* **TO DO**
The answer is to be the lines below that lie between the line holding "AIF Antibody in Immunocytochemistry (ICC/IF)" and the line holding "File:Cerebral metastasis (Radiopaedia", inclusive, transcribed exactly and free of pictures.

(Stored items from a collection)
╔══
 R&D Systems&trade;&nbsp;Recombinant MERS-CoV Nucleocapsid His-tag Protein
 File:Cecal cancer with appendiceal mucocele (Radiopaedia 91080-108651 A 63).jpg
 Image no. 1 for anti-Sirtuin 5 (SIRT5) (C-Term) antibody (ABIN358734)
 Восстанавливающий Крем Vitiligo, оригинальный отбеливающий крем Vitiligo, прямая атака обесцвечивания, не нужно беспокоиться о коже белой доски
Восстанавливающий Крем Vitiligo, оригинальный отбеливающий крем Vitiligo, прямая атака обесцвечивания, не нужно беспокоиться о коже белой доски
╚══
╔══
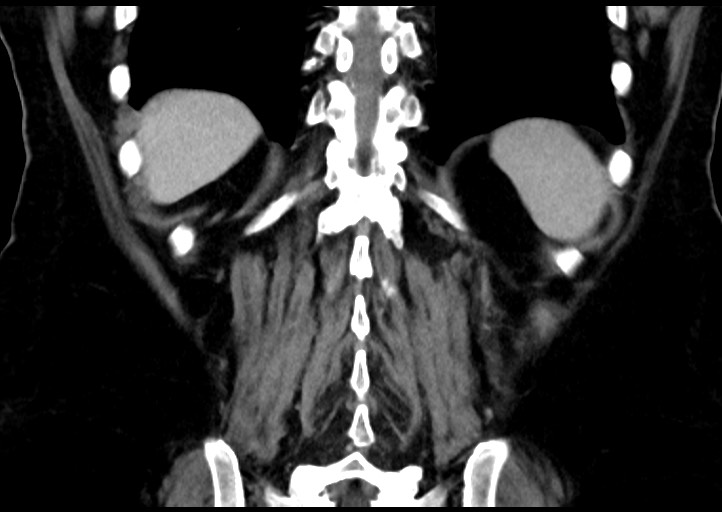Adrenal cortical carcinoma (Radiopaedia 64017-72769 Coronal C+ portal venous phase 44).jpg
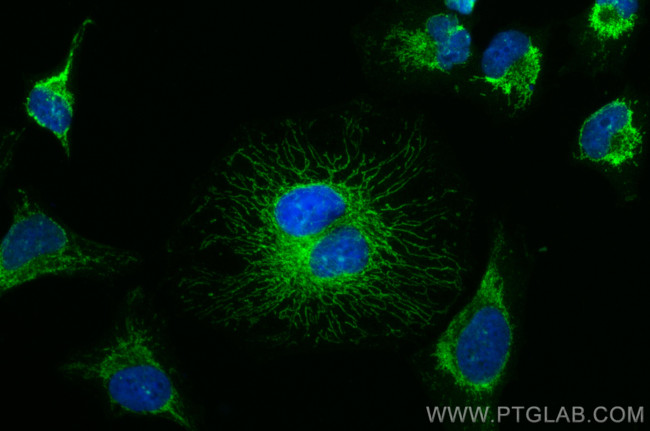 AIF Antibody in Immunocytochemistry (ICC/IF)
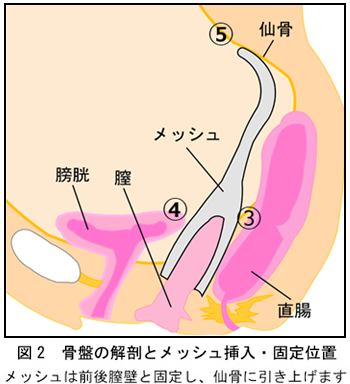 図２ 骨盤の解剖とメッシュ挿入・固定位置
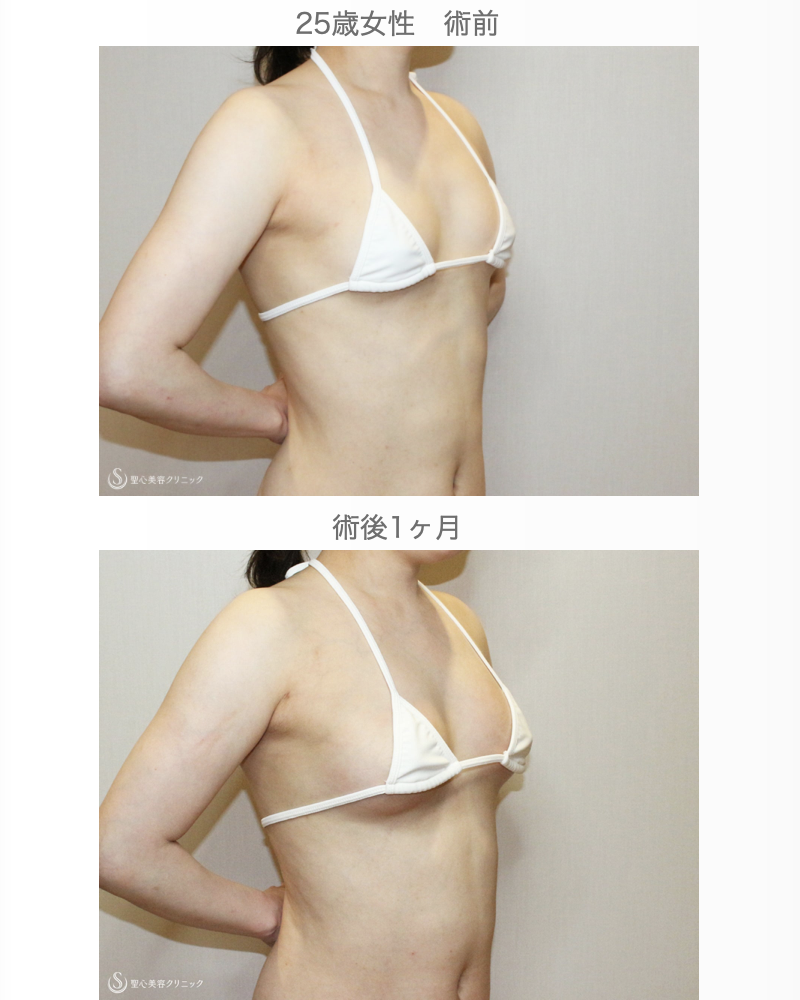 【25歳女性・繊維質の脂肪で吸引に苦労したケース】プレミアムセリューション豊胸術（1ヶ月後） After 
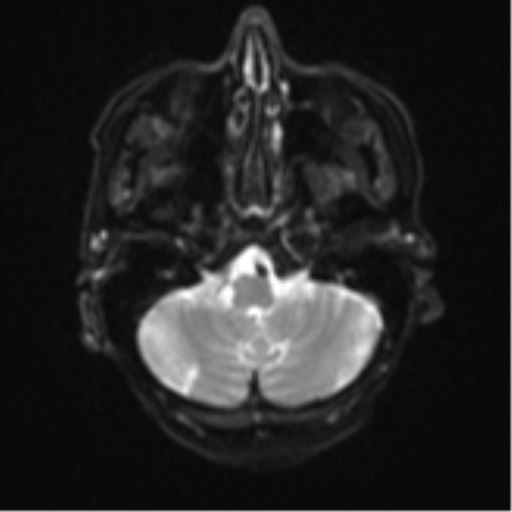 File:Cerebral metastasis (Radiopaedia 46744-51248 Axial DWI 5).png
╚══
* **EXERCISE RESPONSE**
 AIF Antibody in Immunocytochemistry (ICC/IF)
 図２ 骨盤の解剖とメッシュ挿入・固定位置
 【25歳女性・繊維質の脂肪で吸引に苦労したケース】プレミアムセリューション豊胸術（1ヶ月後） After 
 File:Cerebral metastasis (Radiopaedia 46744-51248 Axial DWI 5).png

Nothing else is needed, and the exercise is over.